## Dataset excerpt
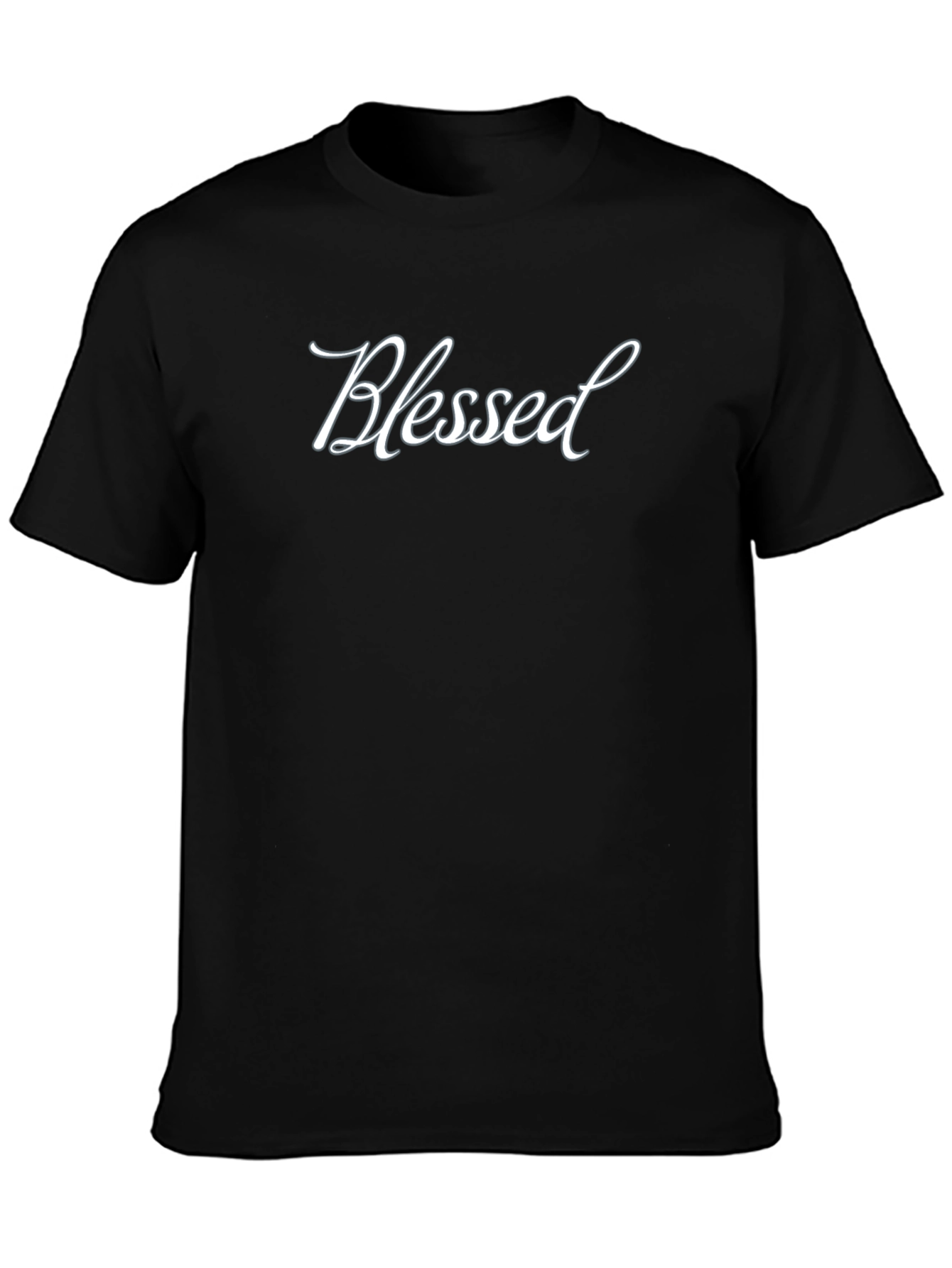 Blessed Graphic T-Shirt - Stylish and Comfortable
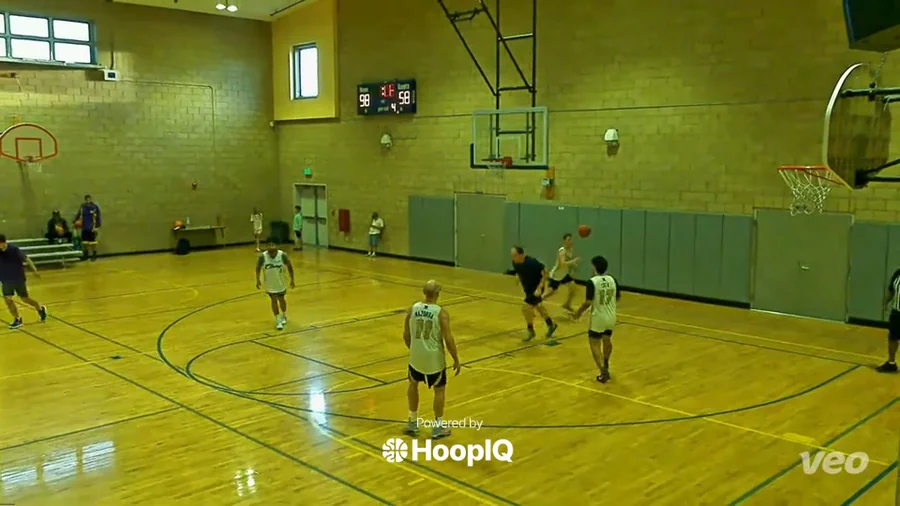 2-pt Shot
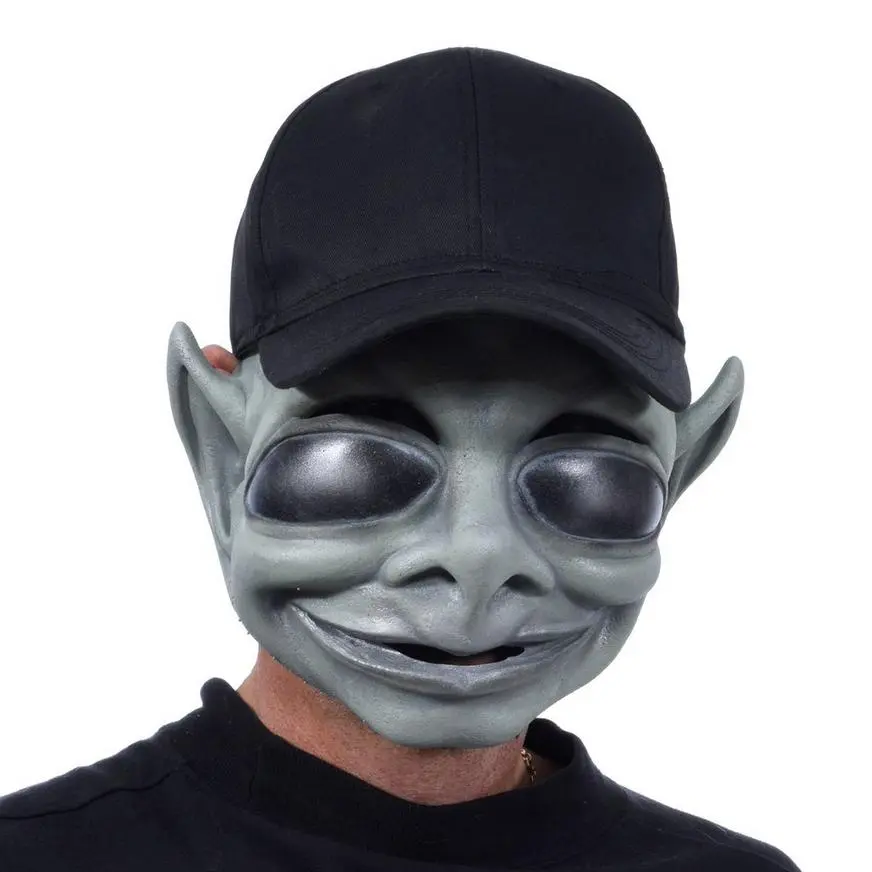 Orion The Friendly Alien Face Mask Premier 1 Orion The Friendly Alien Face Mask Premier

## Goal of the exercise
Once the pictures are dropped, please print every remaining line of the material verbatim.

## Response box
 Blessed Graphic T-Shirt - Stylish and Comfortable
 2-pt Shot
 Orion The Friendly Alien Face Mask Premier 1 Orion The Friendly Alien Face Mask Premier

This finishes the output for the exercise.